[Directions for this task]
When duplicating the records beneath this instruction, omit every picture and keep all else exact.

[Dataset entries]
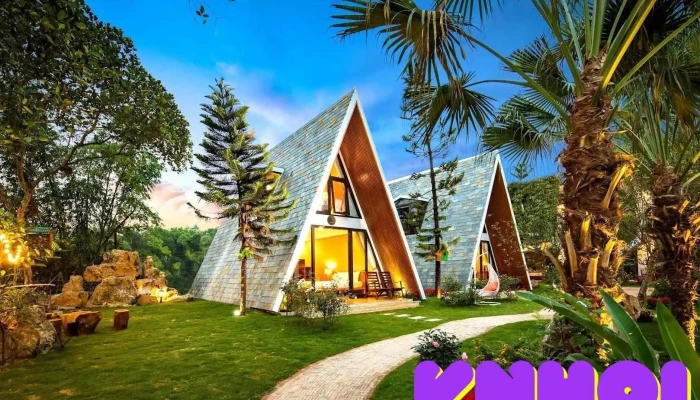 Bai Dinh Garden Resort & Spa Ninh Binh - Ninh Bình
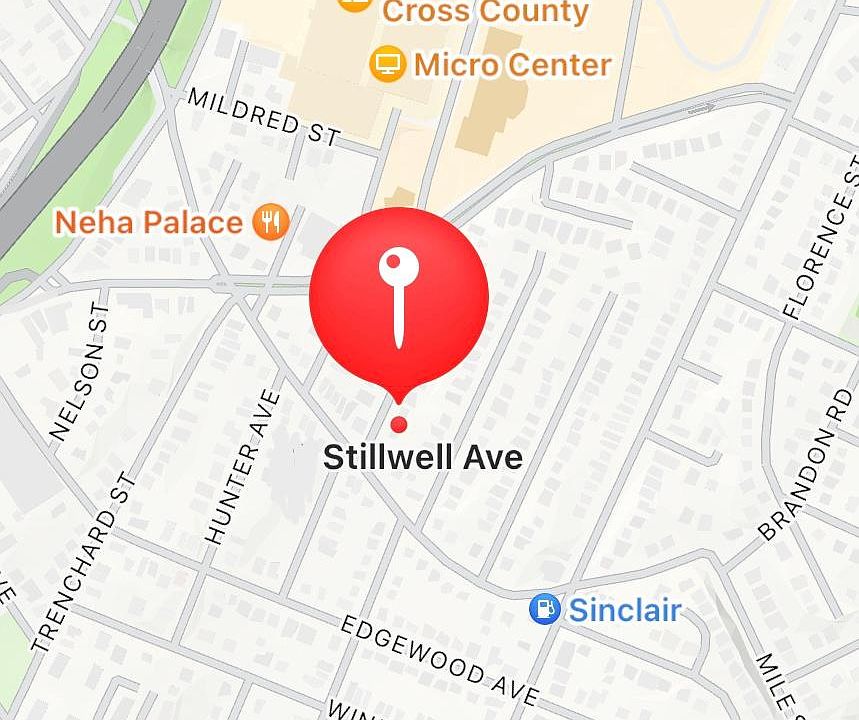 1st image of 18 Stillwell Ave #G1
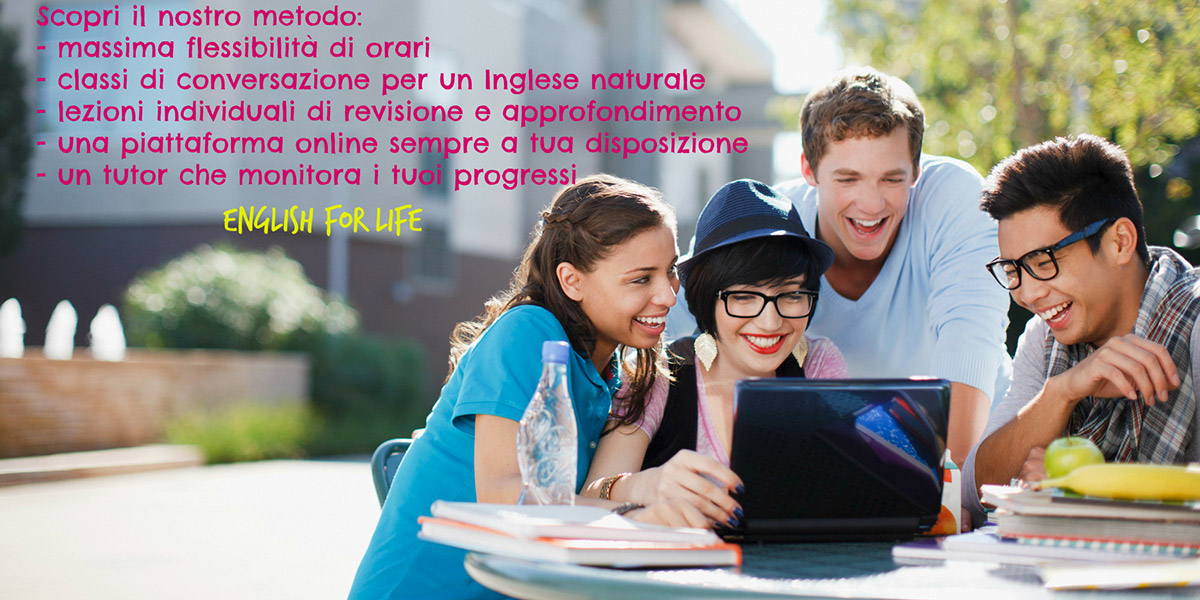 english for life del british school salerno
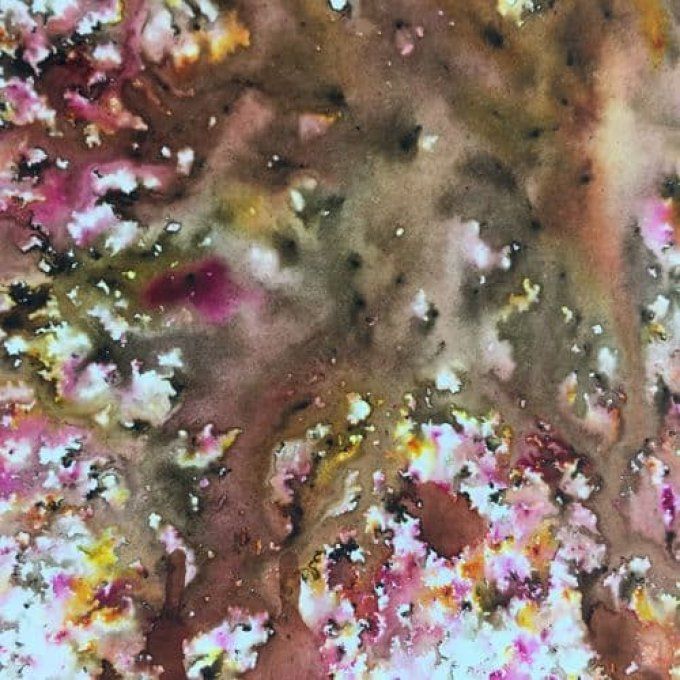 PaperArtsy - Infusion, couleur : Rocky road - 15ml 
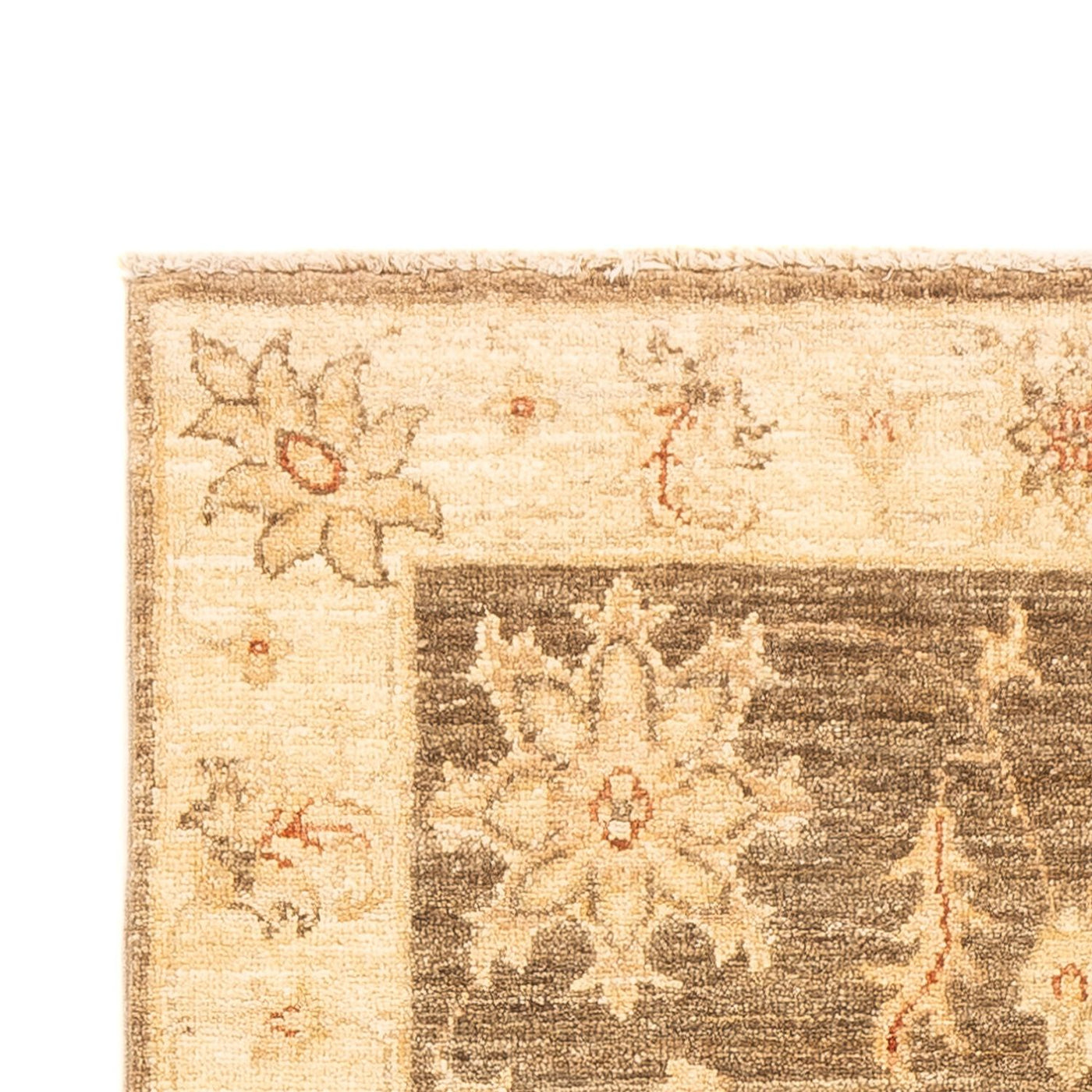 Alfombra Ziegler 213x80cm - Alfombra oriental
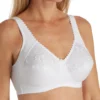 Royce Grace Wireless Support Bra 513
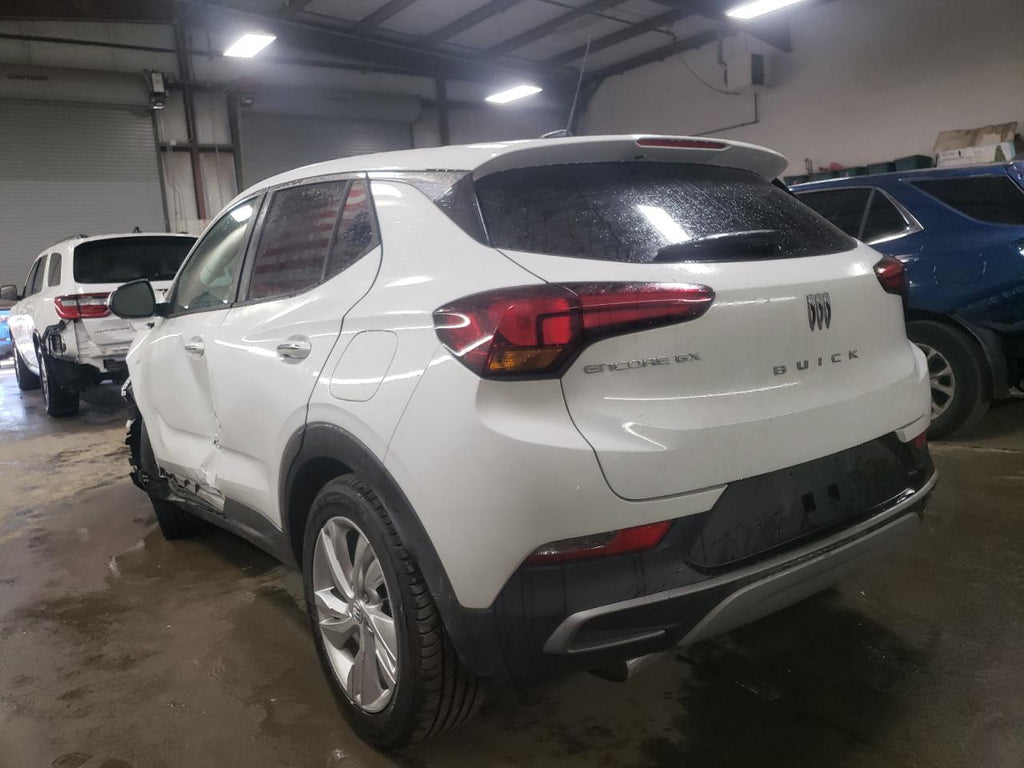 2024 BUICK ENCORE GX - KL4AMBS21RB151024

[Exercise answer]
 Bai Dinh Garden Resort & Spa Ninh Binh - Ninh Bình
 1st image of 18 Stillwell Ave #G1
 english for life del british school salerno
 PaperArtsy - Infusion, couleur : Rocky road - 15ml 
 Alfombra Ziegler 213x80cm - Alfombra oriental
 Royce Grace Wireless Support Bra 513
 2024 BUICK ENCORE GX - KL4AMBS21RB151024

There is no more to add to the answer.